(RECORDS SHOWN)
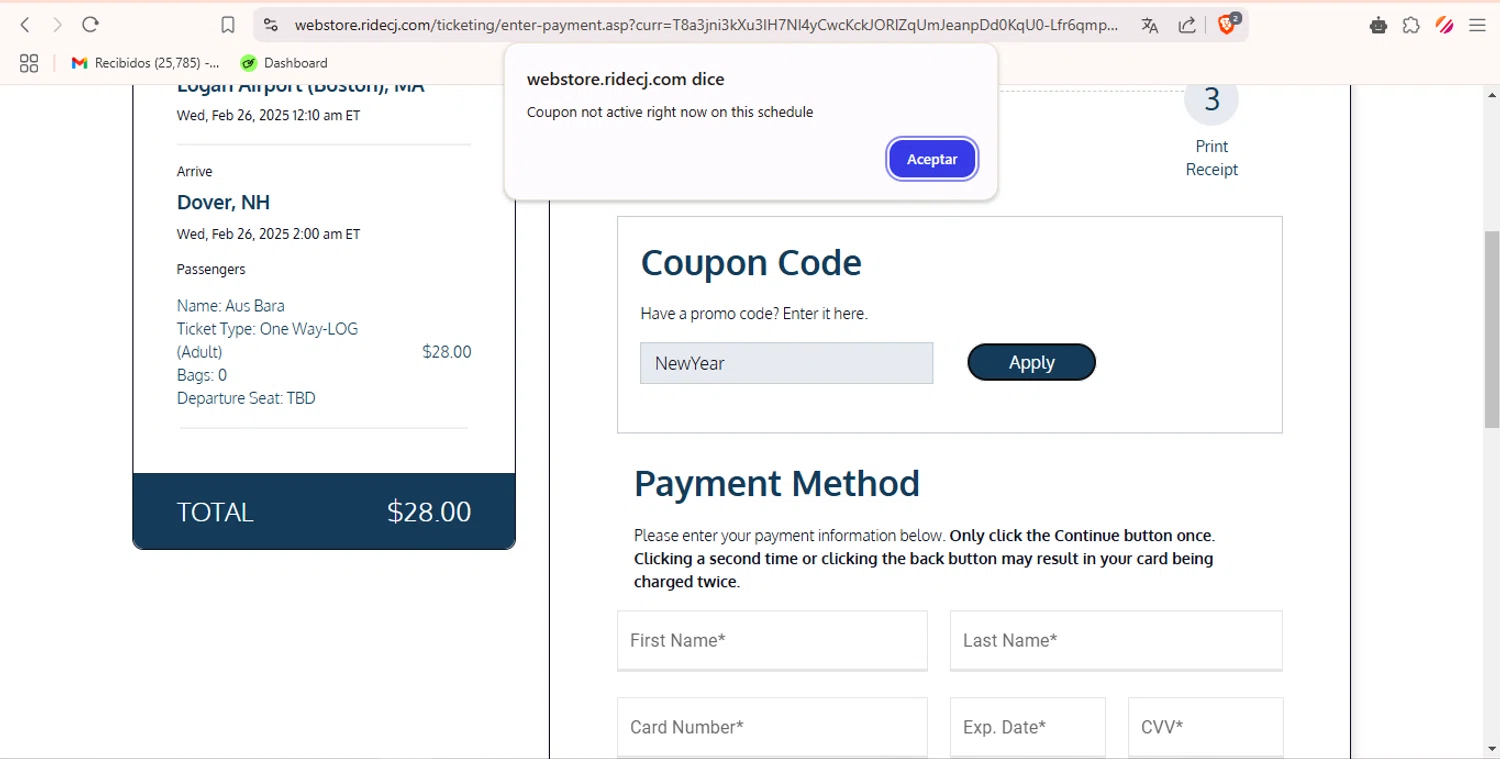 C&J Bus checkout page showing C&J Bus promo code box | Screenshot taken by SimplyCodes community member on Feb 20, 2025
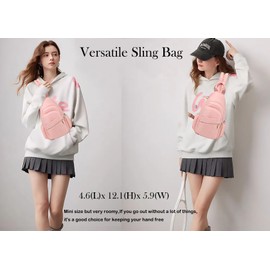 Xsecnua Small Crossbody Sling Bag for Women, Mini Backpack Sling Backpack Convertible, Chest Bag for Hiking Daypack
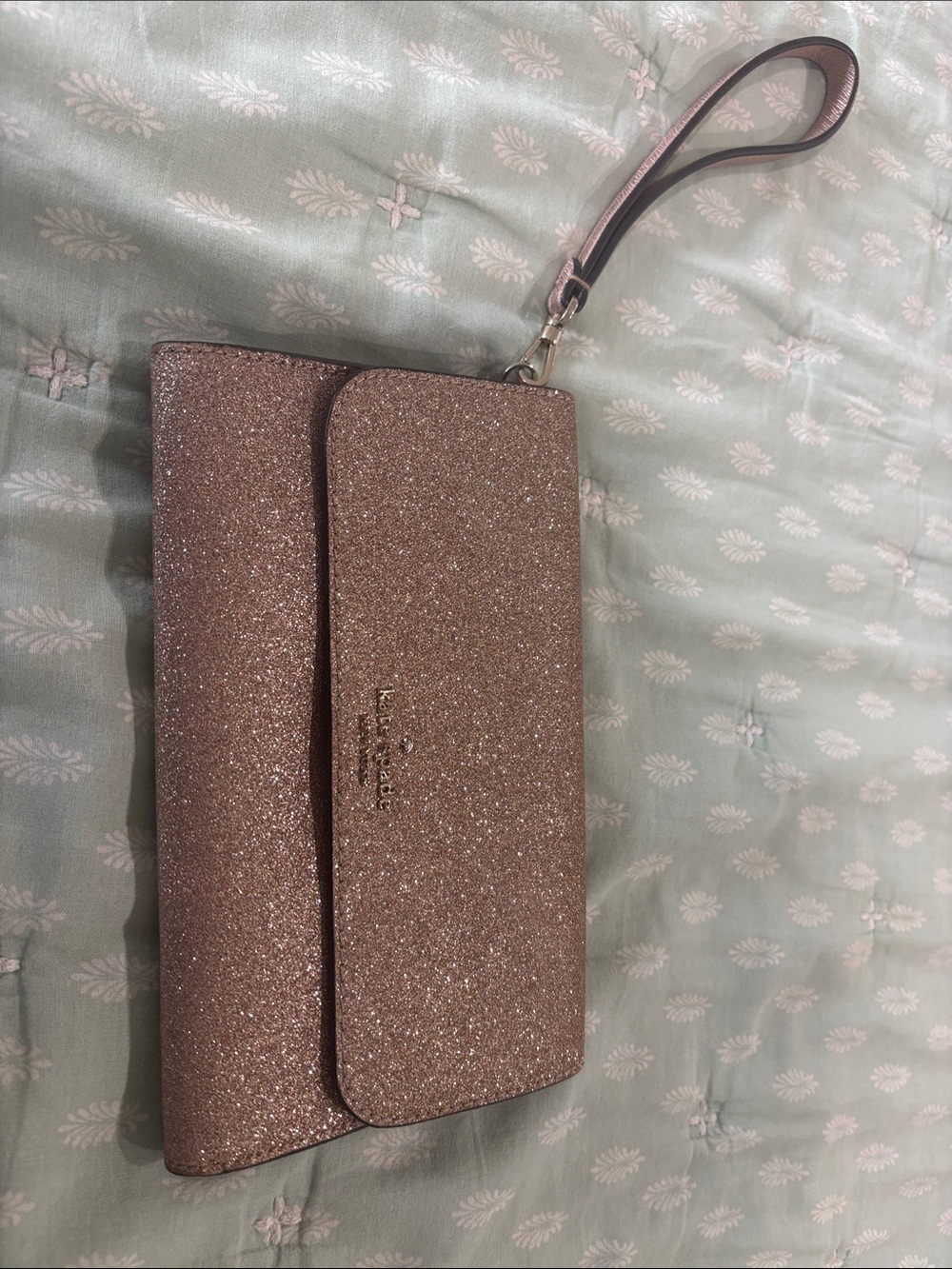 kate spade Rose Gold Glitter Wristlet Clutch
(End RECORDS SHOWN)
(RECORDS SHOWN)
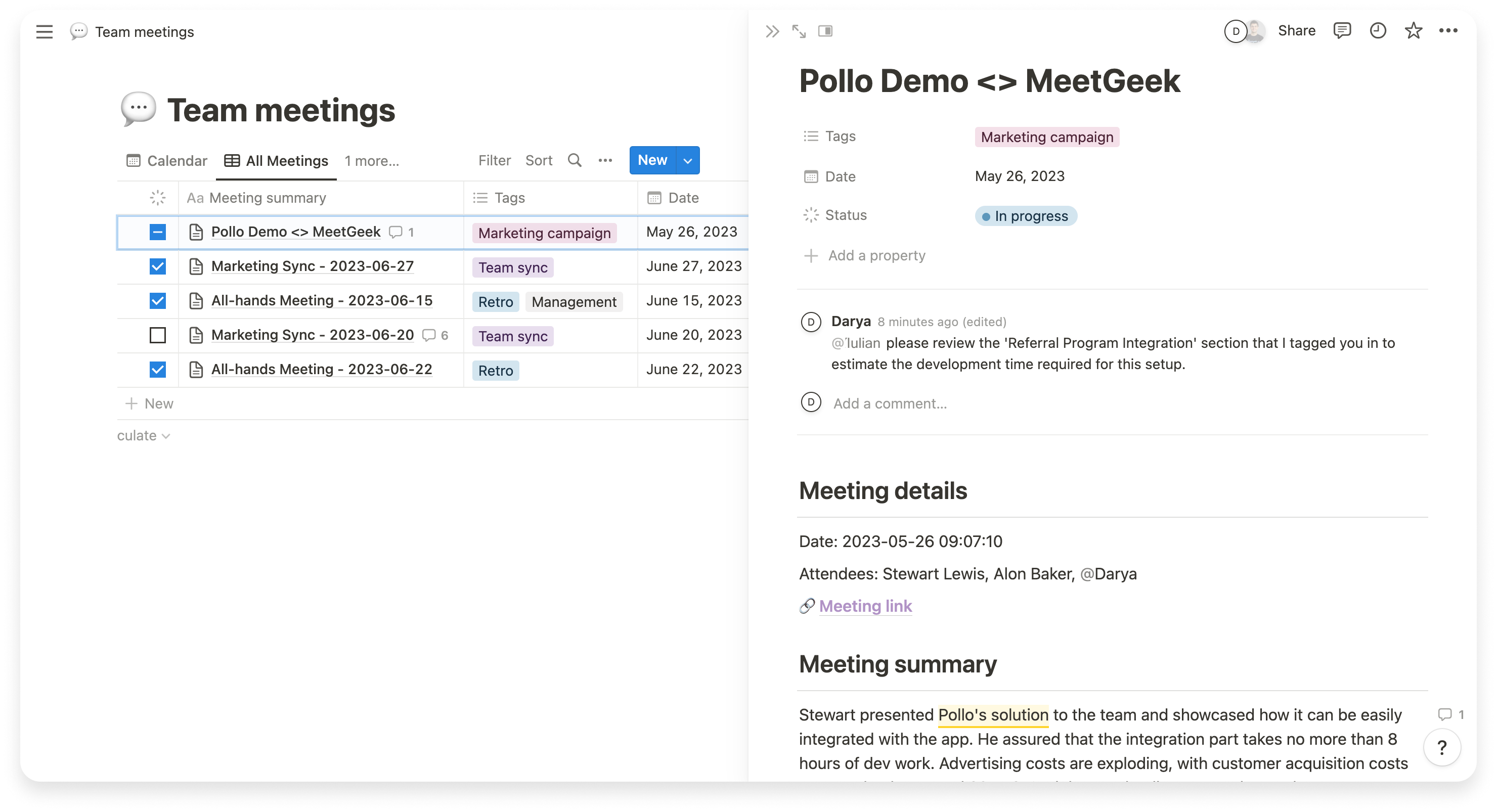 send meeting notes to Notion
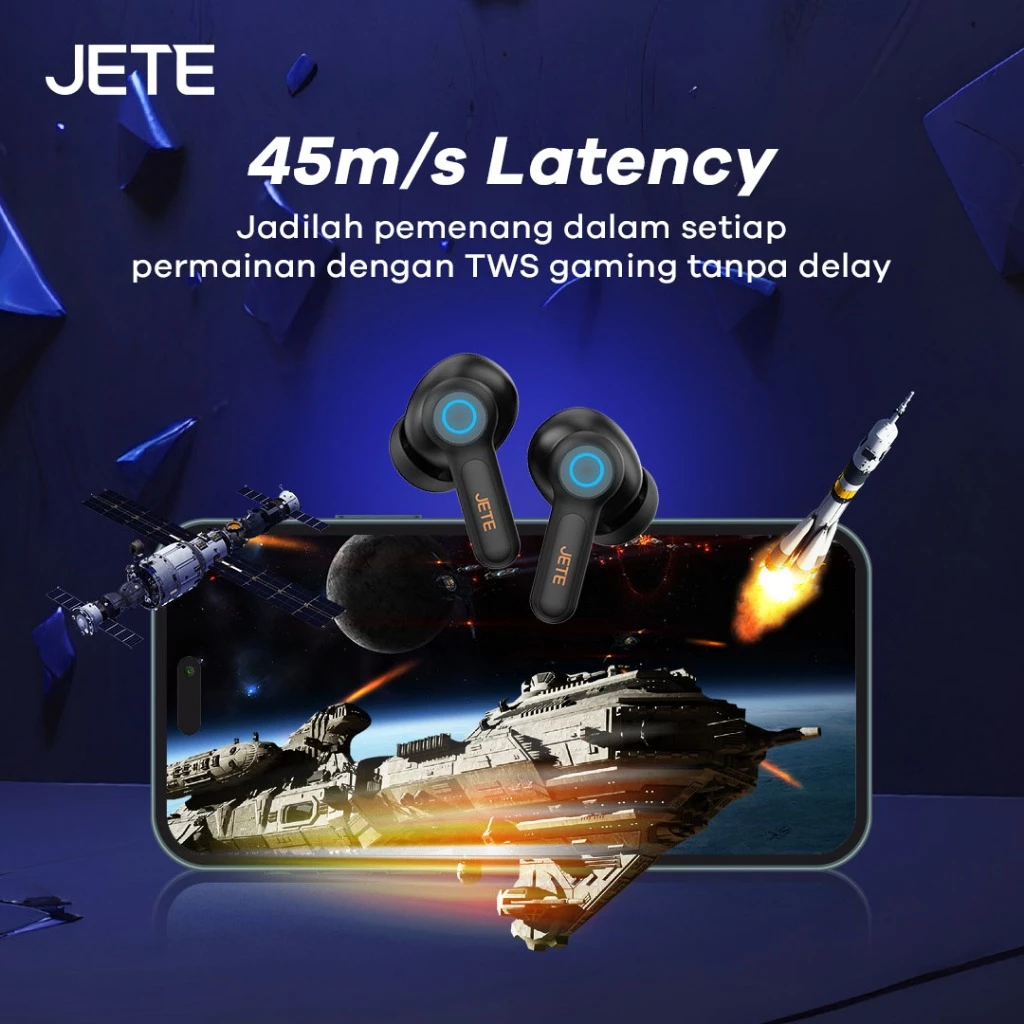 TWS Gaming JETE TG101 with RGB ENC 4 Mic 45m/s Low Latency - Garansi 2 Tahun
(End RECORDS SHOWN)
(RECORDS SHOWN)
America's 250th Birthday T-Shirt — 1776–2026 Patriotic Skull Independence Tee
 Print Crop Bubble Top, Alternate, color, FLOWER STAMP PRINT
(End RECORDS SHOWN)
TASK BRIEF >> Out of the records above, please copy exactly the lines from the line with "C&J Bus checkout" up to and including the line with "kate spade Rose Gold Glitter Wristlet Clutch", minus the pictures.

TASK OUTPUT >>
 C&J Bus checkout page showing C&J Bus promo code box | Screenshot taken by SimplyCodes community member on Feb 20, 2025
 Xsecnua Small Crossbody Sling Bag for Women, Mini Backpack Sling Backpack Convertible, Chest Bag for Hiking Daypack
 kate spade Rose Gold Glitter Wristlet Clutch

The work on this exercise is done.